Re: [PATCH v2] grep: add --max-count command line option

"Carlos L." <00xc@xxxxxxxxxxxxxx> · Wed, 22 Jun 2022 13:23:04 +0000

Hi,

On Wednesday, June 22nd, 2022 at 12:22, Ævar Arnfjörð Bjarmason <avarab@xxxxxxxxx> wrote:

> On Tue, Jun 21 2022, Carlos L. via GitGitGadget wrote:
>
> > From: =?UTF-8?q?Carlos=20L=C3=B3pez?= 00xc@xxxxxxxxxxxxxx
> >
> > This patch adds a command line option analogous to that of GNU
> > grep(1)'s -m / --max-count, which users might already be used to.
>
>
> Thanks, this seems useful.
>
> > This makes it possible to limit the amount of matches shown in the
> > output while keeping the functionality of other options such as -C
> > (show code context) or -p (show containing function), which would be
> > difficult to do with a shell pipeline (e.g. head(1)).
>
>
> We start multi-threaded grep workers, how does this code handle races
> between them finding things, this count being incremented, and the "do
> we have sufficient results?" check?
>
> Is it guarded by the relevant mutexes?

AFAICT only a single thread runs on each file via grep_source_1(), and we check `count`, which is local to this function.

> > + /*
> > + * Optimize out the case where the amount of matches is limited to zero.
> > + * We do this to keep results consistent with GNU grep(1).
> > + */
> > + if (opt.max_count == 0)
> > + exit(EXIT_FAILURE);
>
>
> Don't use exit() in cmd_grep(), you should use "return 1".

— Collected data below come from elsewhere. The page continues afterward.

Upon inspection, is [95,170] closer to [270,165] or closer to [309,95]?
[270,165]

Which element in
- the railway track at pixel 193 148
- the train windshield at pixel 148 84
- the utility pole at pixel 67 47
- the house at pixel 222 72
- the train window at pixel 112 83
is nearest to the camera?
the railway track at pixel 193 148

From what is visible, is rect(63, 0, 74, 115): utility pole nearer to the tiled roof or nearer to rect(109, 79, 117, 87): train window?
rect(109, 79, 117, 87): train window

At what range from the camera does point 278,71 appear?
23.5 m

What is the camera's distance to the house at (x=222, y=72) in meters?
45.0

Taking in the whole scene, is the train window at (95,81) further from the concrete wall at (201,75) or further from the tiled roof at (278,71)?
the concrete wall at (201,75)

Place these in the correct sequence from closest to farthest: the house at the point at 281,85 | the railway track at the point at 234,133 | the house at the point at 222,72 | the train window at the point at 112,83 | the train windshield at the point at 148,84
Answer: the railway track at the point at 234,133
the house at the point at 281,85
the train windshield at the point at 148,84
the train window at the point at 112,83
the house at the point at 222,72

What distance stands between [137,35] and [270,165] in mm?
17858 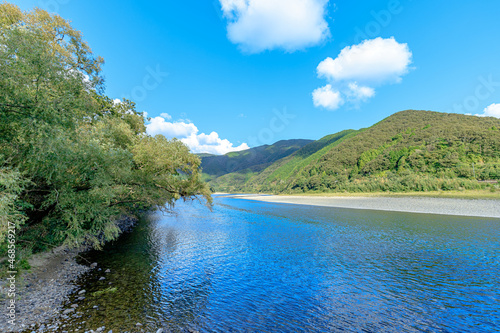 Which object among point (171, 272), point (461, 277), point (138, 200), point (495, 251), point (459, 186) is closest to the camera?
point (461, 277)

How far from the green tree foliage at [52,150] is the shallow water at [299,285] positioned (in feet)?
16.8

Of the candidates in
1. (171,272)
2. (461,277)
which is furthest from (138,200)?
(461,277)

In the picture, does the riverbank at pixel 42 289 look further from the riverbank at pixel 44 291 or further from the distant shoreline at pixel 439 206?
the distant shoreline at pixel 439 206

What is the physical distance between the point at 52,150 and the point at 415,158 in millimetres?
125641

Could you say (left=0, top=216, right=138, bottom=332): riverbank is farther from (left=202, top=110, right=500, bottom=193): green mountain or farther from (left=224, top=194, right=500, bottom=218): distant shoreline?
(left=202, top=110, right=500, bottom=193): green mountain

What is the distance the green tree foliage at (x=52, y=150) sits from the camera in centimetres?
911

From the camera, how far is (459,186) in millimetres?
64625

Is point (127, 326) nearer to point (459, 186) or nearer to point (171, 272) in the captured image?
point (171, 272)

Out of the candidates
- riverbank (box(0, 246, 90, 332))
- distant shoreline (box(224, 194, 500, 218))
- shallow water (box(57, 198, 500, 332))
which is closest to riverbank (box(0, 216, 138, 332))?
riverbank (box(0, 246, 90, 332))

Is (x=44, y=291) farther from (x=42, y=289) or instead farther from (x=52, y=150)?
(x=52, y=150)

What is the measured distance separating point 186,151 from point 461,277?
88.1ft

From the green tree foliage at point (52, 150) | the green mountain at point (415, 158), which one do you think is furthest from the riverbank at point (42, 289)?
the green mountain at point (415, 158)

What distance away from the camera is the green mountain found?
7388 cm

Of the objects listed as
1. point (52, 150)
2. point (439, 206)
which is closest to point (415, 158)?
point (439, 206) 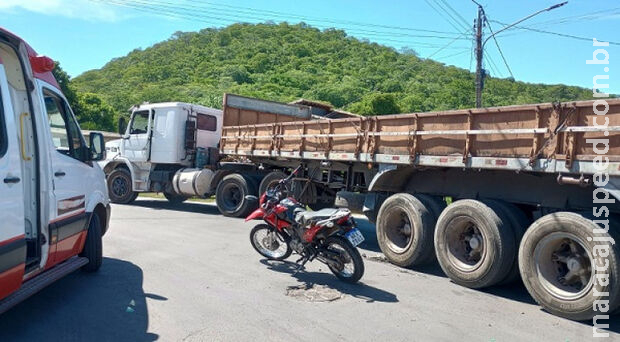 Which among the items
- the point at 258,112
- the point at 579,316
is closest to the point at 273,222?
the point at 579,316

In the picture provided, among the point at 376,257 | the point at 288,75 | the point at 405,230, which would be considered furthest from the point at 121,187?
the point at 288,75

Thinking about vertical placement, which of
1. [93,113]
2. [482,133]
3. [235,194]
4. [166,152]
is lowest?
[235,194]

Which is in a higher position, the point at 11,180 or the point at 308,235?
the point at 11,180

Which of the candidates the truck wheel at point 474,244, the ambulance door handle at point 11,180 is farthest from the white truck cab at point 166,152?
the ambulance door handle at point 11,180

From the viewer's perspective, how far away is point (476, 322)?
4.64 metres

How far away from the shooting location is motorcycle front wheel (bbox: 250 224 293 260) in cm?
664

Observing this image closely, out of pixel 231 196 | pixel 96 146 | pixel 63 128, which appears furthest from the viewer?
pixel 231 196

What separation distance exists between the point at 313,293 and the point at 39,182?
9.38 feet

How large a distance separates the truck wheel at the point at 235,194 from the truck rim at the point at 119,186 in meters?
3.09

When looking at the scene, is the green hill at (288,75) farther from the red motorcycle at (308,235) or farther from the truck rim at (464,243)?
the red motorcycle at (308,235)

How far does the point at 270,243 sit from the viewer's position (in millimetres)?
6754

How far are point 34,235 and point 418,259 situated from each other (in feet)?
14.4

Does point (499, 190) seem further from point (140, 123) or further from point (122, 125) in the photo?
point (122, 125)

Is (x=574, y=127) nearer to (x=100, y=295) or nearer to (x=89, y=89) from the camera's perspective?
(x=100, y=295) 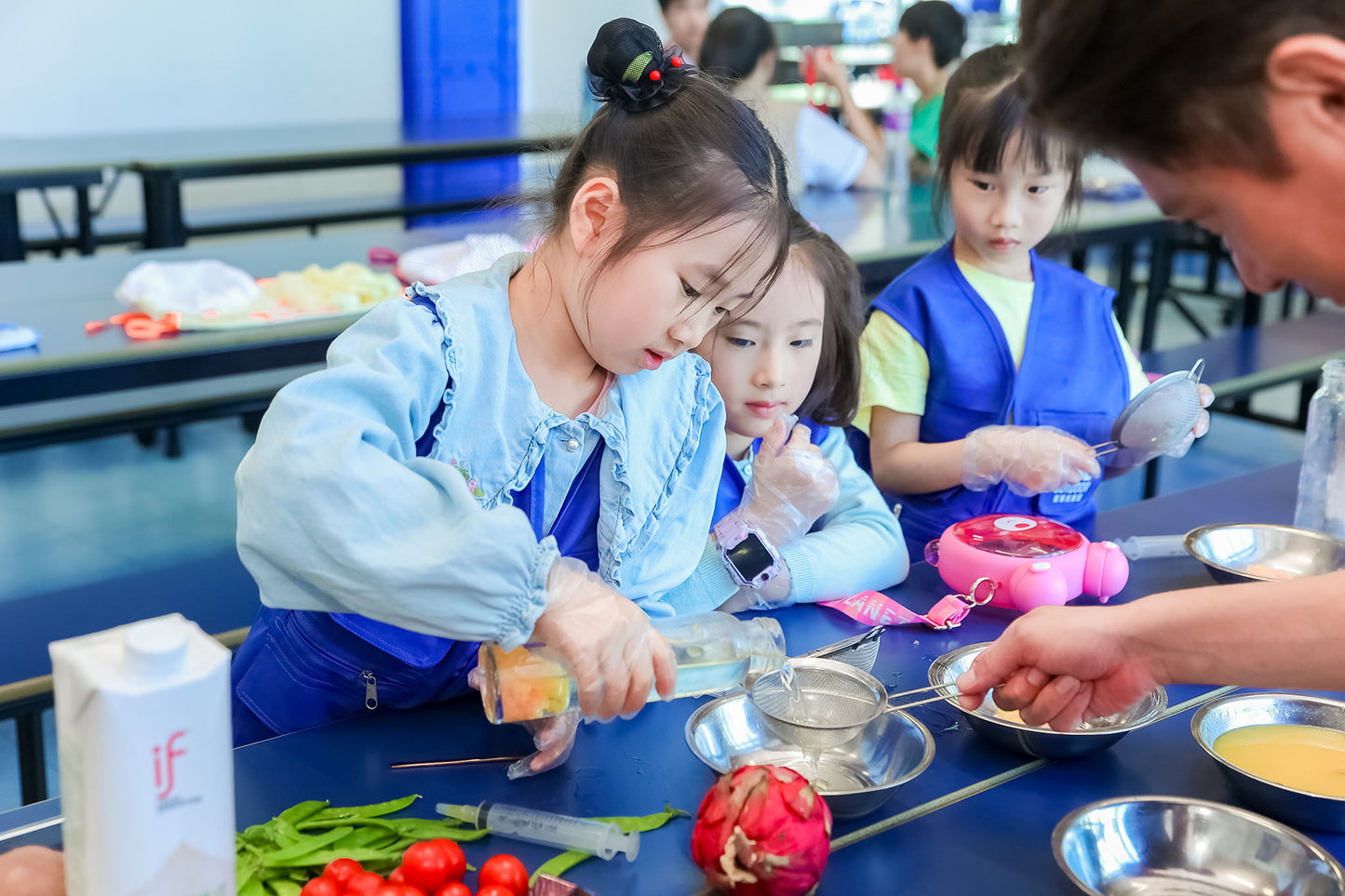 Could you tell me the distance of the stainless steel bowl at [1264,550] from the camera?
1.49m

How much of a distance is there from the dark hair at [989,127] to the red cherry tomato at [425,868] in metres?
1.31

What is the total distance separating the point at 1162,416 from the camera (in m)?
1.66

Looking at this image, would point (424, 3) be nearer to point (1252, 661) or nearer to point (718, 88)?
point (718, 88)

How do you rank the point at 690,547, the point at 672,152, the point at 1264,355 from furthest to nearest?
1. the point at 1264,355
2. the point at 690,547
3. the point at 672,152

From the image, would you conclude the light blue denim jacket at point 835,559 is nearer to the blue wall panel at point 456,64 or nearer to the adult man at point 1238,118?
the adult man at point 1238,118

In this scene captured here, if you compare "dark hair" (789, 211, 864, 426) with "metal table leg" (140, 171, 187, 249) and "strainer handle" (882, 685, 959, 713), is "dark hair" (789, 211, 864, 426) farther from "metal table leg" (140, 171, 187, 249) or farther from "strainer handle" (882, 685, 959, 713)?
"metal table leg" (140, 171, 187, 249)

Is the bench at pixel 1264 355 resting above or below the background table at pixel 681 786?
below

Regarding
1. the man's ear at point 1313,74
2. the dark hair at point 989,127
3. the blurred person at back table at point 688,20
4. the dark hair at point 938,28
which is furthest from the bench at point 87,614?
the blurred person at back table at point 688,20

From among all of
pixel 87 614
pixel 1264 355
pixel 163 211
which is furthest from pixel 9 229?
pixel 1264 355

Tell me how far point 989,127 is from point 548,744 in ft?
3.89

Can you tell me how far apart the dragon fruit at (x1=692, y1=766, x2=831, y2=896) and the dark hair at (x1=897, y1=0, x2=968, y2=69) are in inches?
163

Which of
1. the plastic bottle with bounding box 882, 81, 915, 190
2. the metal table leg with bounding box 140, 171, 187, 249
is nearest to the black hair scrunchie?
the metal table leg with bounding box 140, 171, 187, 249

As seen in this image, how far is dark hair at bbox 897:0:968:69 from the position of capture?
4.49 meters

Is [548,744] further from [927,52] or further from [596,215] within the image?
[927,52] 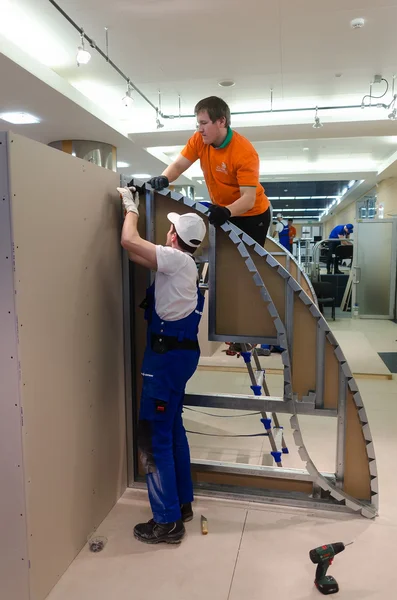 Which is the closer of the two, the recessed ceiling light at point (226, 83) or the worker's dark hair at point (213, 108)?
the worker's dark hair at point (213, 108)

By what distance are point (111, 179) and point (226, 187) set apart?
0.64 m

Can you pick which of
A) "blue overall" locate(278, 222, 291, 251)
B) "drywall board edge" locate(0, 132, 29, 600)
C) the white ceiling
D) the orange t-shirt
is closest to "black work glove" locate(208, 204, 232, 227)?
the orange t-shirt

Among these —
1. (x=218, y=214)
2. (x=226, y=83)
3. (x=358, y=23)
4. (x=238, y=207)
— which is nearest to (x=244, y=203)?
(x=238, y=207)

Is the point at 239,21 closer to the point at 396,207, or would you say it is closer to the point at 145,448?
the point at 145,448

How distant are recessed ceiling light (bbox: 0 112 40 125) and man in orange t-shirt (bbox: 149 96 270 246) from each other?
4427 millimetres

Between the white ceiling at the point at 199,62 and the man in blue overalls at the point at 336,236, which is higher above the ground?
the white ceiling at the point at 199,62

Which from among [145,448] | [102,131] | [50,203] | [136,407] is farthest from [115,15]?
[145,448]

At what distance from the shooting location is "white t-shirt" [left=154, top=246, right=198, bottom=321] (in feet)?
6.69

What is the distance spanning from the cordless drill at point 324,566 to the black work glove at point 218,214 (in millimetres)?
1524

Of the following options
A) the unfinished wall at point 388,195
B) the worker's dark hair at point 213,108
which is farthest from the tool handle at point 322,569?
the unfinished wall at point 388,195

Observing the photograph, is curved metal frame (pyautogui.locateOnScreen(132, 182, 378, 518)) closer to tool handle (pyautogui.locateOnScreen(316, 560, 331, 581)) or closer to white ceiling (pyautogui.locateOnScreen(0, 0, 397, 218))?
tool handle (pyautogui.locateOnScreen(316, 560, 331, 581))

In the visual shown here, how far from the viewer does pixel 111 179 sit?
2.31 m

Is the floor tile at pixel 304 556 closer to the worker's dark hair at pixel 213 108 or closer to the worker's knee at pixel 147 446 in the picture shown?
the worker's knee at pixel 147 446

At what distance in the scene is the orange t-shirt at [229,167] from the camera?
238cm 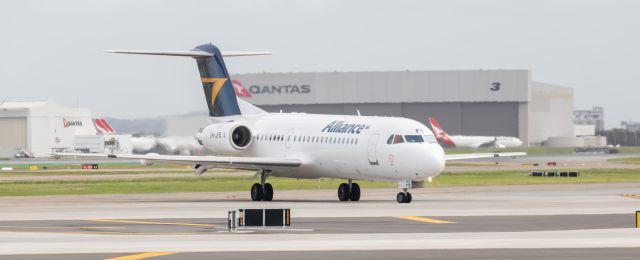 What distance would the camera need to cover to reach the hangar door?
16062cm

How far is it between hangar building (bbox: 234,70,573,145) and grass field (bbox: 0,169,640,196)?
93568 millimetres

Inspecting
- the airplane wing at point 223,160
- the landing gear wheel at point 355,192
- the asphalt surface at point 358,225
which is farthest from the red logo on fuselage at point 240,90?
the asphalt surface at point 358,225

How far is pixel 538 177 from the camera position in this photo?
75.1 metres

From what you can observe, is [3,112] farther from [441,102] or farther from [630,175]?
[630,175]

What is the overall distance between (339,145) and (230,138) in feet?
20.8

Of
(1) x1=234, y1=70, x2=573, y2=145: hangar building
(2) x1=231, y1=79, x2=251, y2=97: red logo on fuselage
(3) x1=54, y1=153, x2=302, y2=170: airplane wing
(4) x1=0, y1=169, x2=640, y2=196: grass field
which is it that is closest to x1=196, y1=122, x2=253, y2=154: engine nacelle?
(3) x1=54, y1=153, x2=302, y2=170: airplane wing

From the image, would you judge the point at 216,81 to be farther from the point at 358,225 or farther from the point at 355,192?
the point at 358,225

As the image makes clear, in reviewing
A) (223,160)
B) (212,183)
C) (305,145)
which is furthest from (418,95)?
(223,160)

I'll use return in my follow-up patch, this can be improved afterwards.

> But even better use usage_msg_opt() here, i.e. inform the user why this
> was bad.
>
> Or hrm, it seems GNU grep silently returns 1 here, perhaps --max-count=0
> is a feature for some?
>
> If this is intentional it's worth documenting and testing it explicitly.

I will add a sentence about this in Documentation/git-grep.txt.

> Re the comments from others about size_t or whatever, it might be better
> here to use OPT_CALLBACK and an unsigned type.
>
> Then just have a "int have_max_count:1", which IMO is more obvious than
> using integer wrap-around to test "didn't provide this flag".

FWIW, I think it's fine to use int and a negative value as an special encoding, max_depth does the same thing. These are per-file matches, so they should not go over 2 billion in reasonable use cases.